HC Deb 16 July 1987 vol 119 cc1272-3
10. Mr. John Townend

asked the Secretary of State for the Home Department if he will give an estimate of the additional man hours required to deal with the extra paperwork and administration resulting from the Police and Criminal Evidence Act; and if he will estimate the effect on the number of policemen on the beat.

Mr. Hurd

The first estimate cannot be given because we do not know how much time the police spent on record-keeping before the Act came into force. In many cases where the Act imposes a statutory requirement the police were already keeping records in order to avoid arguments and get convictions. In other cases, new recording requirements act as necessary safeguards on the exercise of additional police powers. How many police officers are available for beat patrolling in any area at a particular time obviously depends on many factors and no one could estimate reliably the effect of any one of them.

Mr. Townend

I thank my right hon. Friend for his reply.

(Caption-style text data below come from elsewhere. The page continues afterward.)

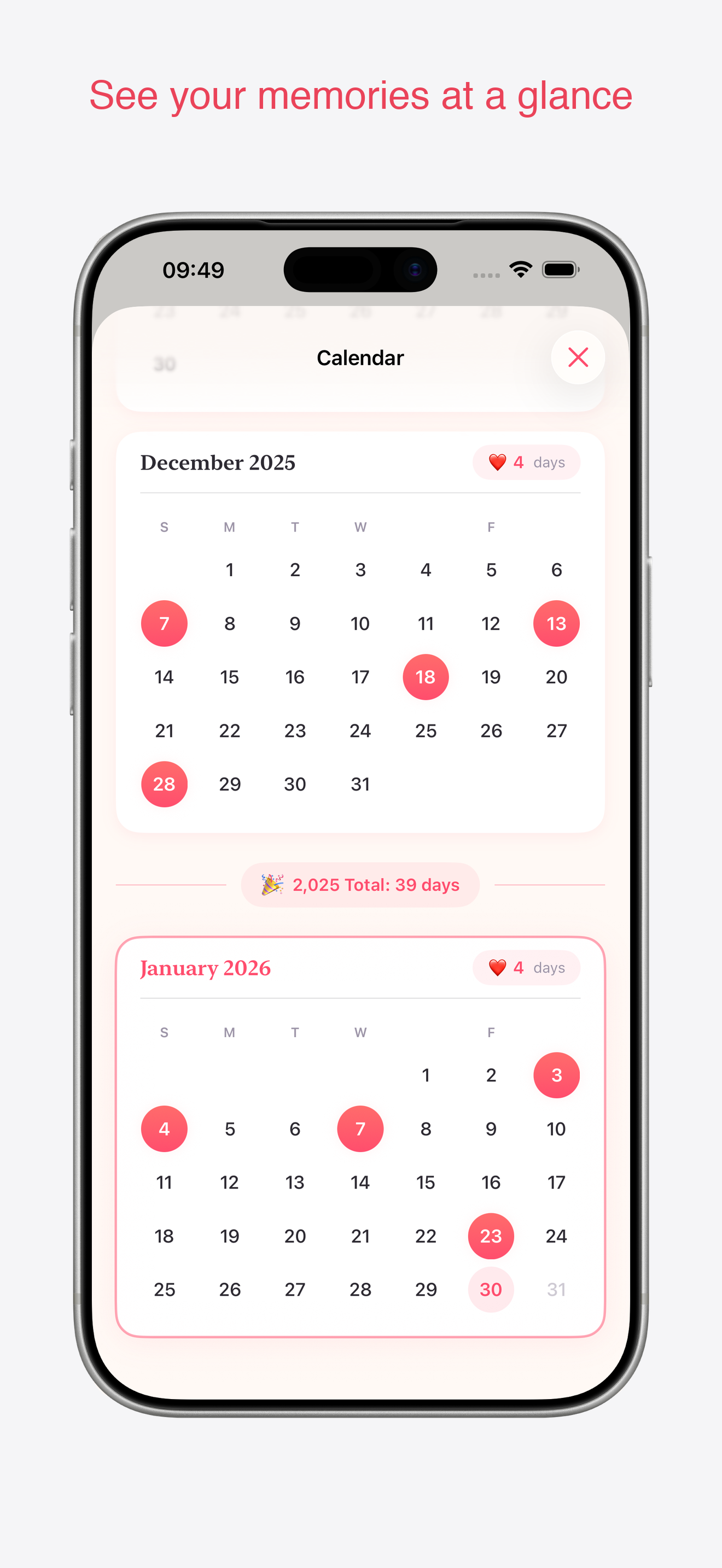 Loved Today - Screenshot 3 showing product features and functionality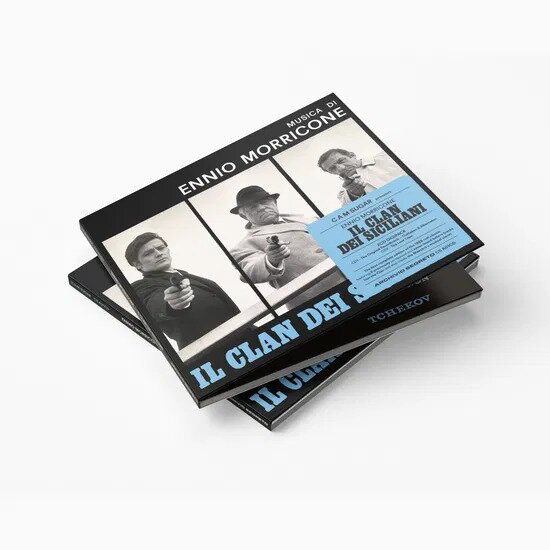 Ennio Morricone (1928-2020) - Il Clan Dei Siciliani - OST 2 CDs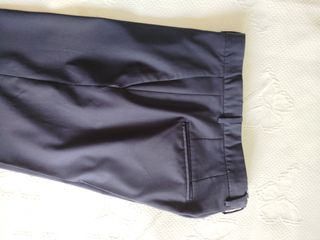 Traje Azul Marino Zara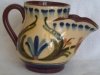 Longpark Pottery, Shaving Mug with Scandy decoration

At a meeting with local Members of Parliament the chief constable of Humberside said that the requirement to take a verbatim record of all statements was taking up a considerable amount of additional time, that it was putting pressure on police manpower and that it was also making it more difficult to get at the truth, because the cross-questioning of suspects became slower and more tedious, those who were prone to lie had more time to think about what they were saying and therefore it was more diffcult to catch them out.

Mr. Hurd

I know of that point, but it is also a fact that in London and Greater Manchester the police forces had already moved to the taking of something like contemporaneous notes, because they had found that, unless they did that, what went on in a police station was afterwards challenged and they were not securing convictions. That was the reasoning that lay behind that provision in the Act. Tape recording is the answer, and as we introduce it steadily throughout the country, as we are doing, it will solve that problem.

Sir Eldon Griffiths

As my right hon. Friend's officials have been unable to provide him with any estimates, why does he not examine the report of Her Majesty's Chief Inspector of Constabulary? His estimate is that 2,400 man years and £45 million of additional expenditure were required to do the training for the introduction of the Police and Criminal Evidence Act and that there has been a significant reduction in arrests and clear-ups, which the Chief Inspector of Constabulary thinks must be connected with the Police and Criminal Evidence Act. I support the Police and Criminal Evidence Act, but when he considers police manpower I hope that my right hon. Friend will take into account the problems that this legislation has created.

Mr. Hurd

Of course I have read the report of Her Majesty's Chief Inspector. It showed that there was a considerable once-for-all training burden on the police. In some rural areas, the need for custody sergeants produces a demand for manpower that I regard as legitimate. I do not accept that record-keeping in police stations is unnecessary. My hon. Friend will have noticed with pleasure that the clear-up rate after the dip last year has begun to improve. It was 5 per cent. up in the first quarter of this year, compared with the first quarter of last year.

Mr. Corbett

As the Home Secretary does not know how much extra work the Police and Criminal Evidence Act has produced, will he undertake to make inquiries of the police to find out? Does he not recall the Opposition warning predicting that, instead of setting out the responsibilities of the citizen and the powers of the police, the Act would turn into no more than a bureaucratic nightmare?

Mr. Hurd

I do not know how the hon. Gentleman can say that when, day after day and night after night, we faced detailed Opposition amendments to increase the paperwork, to increase the bureaucracy and to load on to the police burdens which their representatives and we decided were quite unreasonable. The general election has given the hon. Gentleman amnesia.